Rewriting in_place operation

AhmadMoussa · December 22, 2019, 4:42am

I’m writing a custom loss function, and am currently debugging with gradcheck(), and it throws this error

RuntimeError: one of the variables needed for gradient computation has been modified by an inplace operation: [torch.FloatTensor []], which is output 0 of SelectBackward, is at version 9; expected version 8 instead. Hint: the backtrace further above shows the operation that failed to compute its gradient. The variable in question was changed in there or anywhere later. Good luck!

I understand what the error is. Turning on the anomaly detection, it pointed me to this piece of code:

if XYZ[2] > 0.008856:
    XYZ[2] = XYZ[2] ** 1/3
else:
    XYZ[2] = (7.787 * value) + (16 / 116)

How would I correctly rewrite this to make it not in place but also not introduce an overhead? Since this is going to be part of my loss function I require it to be efficient if possible. Thanks for any comments!
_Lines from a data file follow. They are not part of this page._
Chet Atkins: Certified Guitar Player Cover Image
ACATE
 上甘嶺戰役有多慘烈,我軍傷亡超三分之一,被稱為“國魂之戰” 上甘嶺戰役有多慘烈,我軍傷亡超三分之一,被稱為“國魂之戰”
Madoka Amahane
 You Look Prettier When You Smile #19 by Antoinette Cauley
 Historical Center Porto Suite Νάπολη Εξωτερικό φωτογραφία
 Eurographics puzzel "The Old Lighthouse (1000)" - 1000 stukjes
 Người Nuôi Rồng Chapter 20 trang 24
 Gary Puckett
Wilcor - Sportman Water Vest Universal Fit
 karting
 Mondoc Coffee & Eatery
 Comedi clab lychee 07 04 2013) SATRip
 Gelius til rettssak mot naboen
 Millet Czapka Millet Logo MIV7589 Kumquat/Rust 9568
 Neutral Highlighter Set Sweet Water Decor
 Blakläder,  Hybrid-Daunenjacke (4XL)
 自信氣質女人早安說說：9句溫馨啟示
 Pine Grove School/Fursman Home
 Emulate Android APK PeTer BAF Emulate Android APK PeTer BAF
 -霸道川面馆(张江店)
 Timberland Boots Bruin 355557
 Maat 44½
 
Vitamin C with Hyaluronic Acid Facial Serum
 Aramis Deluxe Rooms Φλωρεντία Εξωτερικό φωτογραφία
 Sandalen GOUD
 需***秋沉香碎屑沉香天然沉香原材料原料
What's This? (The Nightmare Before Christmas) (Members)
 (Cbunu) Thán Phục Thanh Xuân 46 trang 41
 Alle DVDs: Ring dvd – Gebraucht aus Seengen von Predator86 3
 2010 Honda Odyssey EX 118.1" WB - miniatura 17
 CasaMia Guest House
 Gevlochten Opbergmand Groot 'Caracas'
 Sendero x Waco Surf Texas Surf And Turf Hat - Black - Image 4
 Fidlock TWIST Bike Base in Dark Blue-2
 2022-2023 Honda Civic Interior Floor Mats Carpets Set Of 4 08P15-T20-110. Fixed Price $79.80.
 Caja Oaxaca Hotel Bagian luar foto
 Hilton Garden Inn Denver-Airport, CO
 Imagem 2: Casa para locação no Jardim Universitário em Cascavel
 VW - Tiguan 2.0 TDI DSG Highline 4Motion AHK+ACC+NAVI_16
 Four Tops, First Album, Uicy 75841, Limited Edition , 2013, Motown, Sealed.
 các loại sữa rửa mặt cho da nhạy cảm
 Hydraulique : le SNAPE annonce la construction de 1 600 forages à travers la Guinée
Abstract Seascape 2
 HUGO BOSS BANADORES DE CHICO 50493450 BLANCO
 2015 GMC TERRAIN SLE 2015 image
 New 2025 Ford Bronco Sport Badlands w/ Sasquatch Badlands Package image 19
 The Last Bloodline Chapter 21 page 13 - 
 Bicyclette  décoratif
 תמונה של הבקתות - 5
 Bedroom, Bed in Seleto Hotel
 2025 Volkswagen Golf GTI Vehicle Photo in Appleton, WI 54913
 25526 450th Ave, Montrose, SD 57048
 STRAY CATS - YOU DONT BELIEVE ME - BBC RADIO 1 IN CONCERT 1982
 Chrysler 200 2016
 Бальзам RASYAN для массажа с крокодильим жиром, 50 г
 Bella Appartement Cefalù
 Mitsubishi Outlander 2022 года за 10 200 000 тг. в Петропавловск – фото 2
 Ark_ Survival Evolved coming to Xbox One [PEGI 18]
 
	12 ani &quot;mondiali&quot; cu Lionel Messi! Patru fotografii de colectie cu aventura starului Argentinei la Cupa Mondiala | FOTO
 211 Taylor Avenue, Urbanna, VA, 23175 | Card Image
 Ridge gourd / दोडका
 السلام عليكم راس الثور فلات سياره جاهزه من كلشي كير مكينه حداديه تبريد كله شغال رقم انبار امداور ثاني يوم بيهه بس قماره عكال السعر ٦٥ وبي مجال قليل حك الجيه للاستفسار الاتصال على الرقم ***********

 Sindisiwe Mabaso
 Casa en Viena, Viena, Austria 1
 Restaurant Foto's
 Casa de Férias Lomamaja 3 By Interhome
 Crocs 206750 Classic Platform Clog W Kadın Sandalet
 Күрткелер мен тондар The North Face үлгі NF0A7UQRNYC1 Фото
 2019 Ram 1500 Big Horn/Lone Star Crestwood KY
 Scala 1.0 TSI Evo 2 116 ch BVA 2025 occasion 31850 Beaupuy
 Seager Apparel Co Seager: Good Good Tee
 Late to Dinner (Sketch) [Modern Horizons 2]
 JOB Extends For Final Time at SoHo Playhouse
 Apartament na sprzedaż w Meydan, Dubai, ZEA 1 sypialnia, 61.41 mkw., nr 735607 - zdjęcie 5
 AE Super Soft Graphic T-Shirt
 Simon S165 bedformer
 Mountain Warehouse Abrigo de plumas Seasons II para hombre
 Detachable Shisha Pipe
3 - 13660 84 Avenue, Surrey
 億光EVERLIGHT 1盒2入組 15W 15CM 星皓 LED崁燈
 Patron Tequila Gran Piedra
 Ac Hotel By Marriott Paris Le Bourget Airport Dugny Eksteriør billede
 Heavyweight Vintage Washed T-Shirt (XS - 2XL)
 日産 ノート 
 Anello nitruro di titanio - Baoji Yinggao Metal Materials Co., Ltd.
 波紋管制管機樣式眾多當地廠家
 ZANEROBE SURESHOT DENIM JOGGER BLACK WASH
aauker · December 22, 2019, 6:26am

If your re-write works, I’d just go with that. If you want this operation to be in-place, you’d need to also manually re-write the gradient graphs also as an in-place operation, which is a hard matter. On in-place use with the autograd framework:

Supporting in-place operations in autograd is a hard matter, and we discourage their use in most cases . Autograd’s aggressive buffer freeing and reuse makes it very efficient and there are very few occasions when in-place operations actually lower memory usage by any significant amount. Unless you’re operating under heavy memory pressure, you might never need to use them.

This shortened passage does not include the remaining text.